Action Masking Model: Deterministic selection of the best action

How severe does this issue affect your experience of using Ray?

  • Medium: It contributes to significant difficulty to complete my task, but I can work around it.

Dear community,

I faced the topic that executing gym environment episodes with my trained policy using the Policy Checkpoint API Policy.from_checkpoint().compute_single_action led to non-deterministic results. Precisely, every time I run a code block like that …

episode_reward = 0
terminated = truncated = False
obs, _ = env.reset()
action_sequence = []

while not terminated and not truncated:
    action = my_restored_policy.compute_single_action(obs)
    obs, reward, terminated, truncated, info = env.step(action[0])
    episode_reward += reward
    action_sequence.append(action[0])
print(f"\rTotal episode reward: {episode_reward}")
print(f"\rAction sequence: {action_sequence}")

… I may get different results for final reward.

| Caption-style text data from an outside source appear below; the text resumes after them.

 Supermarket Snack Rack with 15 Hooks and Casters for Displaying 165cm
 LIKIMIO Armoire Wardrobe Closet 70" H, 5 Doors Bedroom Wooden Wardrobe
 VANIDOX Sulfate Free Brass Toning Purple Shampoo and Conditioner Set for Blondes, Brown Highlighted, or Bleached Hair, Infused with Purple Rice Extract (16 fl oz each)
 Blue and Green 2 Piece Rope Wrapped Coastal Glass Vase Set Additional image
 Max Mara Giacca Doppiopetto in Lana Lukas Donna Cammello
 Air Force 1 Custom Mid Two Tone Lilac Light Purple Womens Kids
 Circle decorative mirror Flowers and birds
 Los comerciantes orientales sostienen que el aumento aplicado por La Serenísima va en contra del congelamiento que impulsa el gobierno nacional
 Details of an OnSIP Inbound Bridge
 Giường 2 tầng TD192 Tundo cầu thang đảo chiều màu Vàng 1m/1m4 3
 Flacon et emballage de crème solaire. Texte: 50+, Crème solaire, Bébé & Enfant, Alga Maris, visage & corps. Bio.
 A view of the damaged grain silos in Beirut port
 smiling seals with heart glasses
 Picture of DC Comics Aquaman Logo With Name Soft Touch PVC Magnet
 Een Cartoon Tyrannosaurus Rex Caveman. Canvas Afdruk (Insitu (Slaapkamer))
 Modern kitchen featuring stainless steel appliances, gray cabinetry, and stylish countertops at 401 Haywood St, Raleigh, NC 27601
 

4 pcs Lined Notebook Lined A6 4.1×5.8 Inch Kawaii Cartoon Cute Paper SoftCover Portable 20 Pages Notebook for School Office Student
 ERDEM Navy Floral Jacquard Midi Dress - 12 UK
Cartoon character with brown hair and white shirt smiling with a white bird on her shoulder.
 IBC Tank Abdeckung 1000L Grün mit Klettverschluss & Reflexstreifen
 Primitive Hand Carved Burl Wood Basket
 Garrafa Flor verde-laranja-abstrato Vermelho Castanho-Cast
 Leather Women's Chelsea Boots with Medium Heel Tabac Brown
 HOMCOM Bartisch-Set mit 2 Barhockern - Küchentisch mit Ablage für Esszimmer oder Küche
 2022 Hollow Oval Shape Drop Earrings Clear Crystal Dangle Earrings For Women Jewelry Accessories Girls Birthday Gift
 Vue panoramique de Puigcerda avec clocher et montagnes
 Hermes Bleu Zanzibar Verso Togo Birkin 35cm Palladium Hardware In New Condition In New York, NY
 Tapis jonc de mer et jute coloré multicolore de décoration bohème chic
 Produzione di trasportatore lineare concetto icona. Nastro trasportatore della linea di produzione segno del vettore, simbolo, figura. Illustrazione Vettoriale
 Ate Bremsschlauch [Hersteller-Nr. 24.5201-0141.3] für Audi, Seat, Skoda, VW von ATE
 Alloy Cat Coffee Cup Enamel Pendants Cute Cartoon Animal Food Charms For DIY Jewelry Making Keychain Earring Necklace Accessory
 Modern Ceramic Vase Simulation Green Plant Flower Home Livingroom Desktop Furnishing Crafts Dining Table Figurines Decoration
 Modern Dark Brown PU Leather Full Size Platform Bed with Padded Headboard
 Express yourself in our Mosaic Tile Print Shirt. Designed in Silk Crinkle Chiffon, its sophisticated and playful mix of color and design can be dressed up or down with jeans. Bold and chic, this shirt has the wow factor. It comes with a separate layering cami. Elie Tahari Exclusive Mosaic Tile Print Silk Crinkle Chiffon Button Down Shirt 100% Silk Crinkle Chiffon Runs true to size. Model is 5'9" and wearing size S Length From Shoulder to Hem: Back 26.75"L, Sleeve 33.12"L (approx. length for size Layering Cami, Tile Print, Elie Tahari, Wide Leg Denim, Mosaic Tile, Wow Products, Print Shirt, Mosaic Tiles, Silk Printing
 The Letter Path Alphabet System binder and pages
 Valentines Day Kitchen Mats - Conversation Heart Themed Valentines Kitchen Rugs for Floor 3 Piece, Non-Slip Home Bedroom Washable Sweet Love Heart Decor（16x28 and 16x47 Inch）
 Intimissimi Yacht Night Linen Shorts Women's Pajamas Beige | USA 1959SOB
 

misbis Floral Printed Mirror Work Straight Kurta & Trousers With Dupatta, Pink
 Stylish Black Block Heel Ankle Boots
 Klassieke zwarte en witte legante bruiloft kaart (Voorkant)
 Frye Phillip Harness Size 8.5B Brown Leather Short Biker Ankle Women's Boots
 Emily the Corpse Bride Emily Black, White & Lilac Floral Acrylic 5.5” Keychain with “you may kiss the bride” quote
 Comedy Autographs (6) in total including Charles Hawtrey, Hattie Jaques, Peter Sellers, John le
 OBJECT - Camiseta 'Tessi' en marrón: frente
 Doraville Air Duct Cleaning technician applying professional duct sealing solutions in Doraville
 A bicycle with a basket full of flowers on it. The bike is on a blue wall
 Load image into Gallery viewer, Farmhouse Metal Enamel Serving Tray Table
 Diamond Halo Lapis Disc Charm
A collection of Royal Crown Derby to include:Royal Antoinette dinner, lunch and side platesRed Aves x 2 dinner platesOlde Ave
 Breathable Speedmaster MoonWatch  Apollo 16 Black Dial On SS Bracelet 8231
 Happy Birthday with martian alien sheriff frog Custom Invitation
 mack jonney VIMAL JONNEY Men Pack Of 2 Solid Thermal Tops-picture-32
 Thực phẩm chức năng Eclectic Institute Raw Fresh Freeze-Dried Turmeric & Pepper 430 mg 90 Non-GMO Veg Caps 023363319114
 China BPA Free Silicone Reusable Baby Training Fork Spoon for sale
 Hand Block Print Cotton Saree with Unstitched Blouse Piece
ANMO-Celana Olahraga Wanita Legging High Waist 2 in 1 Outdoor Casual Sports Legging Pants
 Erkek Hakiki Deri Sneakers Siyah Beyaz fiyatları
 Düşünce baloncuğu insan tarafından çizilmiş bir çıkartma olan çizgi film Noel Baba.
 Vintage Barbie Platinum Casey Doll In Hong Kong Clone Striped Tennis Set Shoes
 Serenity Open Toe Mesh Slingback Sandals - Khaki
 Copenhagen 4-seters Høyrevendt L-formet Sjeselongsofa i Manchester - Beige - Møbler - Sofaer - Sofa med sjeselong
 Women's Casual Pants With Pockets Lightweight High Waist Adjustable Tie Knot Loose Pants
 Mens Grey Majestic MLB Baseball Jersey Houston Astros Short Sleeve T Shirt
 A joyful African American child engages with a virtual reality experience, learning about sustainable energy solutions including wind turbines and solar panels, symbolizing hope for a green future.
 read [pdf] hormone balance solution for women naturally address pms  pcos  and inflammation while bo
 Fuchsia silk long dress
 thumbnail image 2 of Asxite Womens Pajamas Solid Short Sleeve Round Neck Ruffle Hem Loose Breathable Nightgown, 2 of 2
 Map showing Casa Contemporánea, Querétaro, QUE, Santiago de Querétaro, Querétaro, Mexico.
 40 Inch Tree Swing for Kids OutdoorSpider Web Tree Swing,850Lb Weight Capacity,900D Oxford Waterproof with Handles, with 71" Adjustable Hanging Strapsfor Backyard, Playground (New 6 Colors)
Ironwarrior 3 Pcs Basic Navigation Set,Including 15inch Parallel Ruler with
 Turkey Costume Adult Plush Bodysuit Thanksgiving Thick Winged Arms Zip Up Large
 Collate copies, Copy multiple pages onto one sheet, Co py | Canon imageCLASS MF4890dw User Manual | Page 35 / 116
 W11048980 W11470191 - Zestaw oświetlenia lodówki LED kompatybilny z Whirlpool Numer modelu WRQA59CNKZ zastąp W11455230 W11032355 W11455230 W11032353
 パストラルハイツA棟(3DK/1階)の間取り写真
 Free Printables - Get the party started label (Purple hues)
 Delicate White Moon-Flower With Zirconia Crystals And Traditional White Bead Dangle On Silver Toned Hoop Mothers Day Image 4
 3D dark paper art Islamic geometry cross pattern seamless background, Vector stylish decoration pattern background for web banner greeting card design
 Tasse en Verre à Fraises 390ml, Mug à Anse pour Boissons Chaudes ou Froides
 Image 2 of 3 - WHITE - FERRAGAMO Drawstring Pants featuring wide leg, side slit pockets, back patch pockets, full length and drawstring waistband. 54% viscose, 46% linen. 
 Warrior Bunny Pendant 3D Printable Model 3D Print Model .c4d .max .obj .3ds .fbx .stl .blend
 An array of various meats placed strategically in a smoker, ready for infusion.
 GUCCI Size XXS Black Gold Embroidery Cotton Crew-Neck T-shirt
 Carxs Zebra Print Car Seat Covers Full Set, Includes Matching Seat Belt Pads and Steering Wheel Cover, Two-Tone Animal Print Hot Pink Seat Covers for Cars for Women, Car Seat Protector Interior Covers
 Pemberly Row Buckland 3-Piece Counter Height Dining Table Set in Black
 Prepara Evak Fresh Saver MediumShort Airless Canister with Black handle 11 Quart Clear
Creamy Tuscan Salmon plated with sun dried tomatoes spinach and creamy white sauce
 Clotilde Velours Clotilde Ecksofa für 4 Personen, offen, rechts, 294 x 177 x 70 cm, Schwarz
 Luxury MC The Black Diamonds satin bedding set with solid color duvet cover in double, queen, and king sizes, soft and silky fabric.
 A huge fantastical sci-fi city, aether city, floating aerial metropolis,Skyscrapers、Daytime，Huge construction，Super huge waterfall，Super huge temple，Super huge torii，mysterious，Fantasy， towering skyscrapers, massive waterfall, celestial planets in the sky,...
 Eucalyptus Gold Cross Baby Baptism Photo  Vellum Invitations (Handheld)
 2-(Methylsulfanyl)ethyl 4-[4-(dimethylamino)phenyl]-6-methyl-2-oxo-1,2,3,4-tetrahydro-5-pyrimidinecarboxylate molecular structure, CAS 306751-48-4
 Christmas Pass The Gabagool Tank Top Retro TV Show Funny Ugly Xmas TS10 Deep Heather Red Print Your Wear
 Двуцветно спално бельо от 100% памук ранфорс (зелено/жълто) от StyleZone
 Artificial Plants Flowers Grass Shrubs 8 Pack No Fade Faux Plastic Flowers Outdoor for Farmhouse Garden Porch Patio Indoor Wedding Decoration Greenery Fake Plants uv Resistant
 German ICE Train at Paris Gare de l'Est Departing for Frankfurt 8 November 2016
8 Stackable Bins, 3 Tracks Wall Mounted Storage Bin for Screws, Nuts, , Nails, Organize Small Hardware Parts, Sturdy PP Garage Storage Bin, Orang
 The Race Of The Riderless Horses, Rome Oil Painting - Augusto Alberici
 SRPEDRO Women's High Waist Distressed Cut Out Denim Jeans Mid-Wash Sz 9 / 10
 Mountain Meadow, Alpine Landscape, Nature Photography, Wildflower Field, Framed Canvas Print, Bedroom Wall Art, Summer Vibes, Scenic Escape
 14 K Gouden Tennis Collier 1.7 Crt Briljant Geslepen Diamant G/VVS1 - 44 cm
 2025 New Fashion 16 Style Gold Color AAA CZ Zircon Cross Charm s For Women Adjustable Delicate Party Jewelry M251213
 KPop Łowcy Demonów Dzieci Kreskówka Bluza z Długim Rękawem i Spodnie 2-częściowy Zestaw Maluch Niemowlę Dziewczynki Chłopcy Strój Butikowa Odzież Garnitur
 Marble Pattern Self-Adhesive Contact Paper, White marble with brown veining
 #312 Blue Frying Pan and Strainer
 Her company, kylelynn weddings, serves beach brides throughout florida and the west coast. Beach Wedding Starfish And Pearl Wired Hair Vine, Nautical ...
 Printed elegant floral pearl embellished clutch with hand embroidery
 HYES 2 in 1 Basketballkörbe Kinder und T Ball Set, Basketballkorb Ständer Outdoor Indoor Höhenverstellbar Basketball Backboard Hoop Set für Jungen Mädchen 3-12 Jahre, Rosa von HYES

One solution idea is deterministic action selection in the evaluation phase. Instead of sampling from the action distribution, I want to select the action with the highest probability from the masked action set.

Where should I integrate that into? I already read through How To Customize Policies — Ray 3.0.0.dev0, but I am a bit unsure how to apply that in PyTorch. Further, I have the feeling that potential changes in custom policy also interfere with the PPOConfig.evaluation() settings.

Hence, following questions to the community:

  1. How do custom policy and / or custom evaluation function support the above-mentioned solution idea?
  2. How to incorporate that in old RLlib API stack? For multiple reasons, I am still using ray 2.10. and TorchModelV2.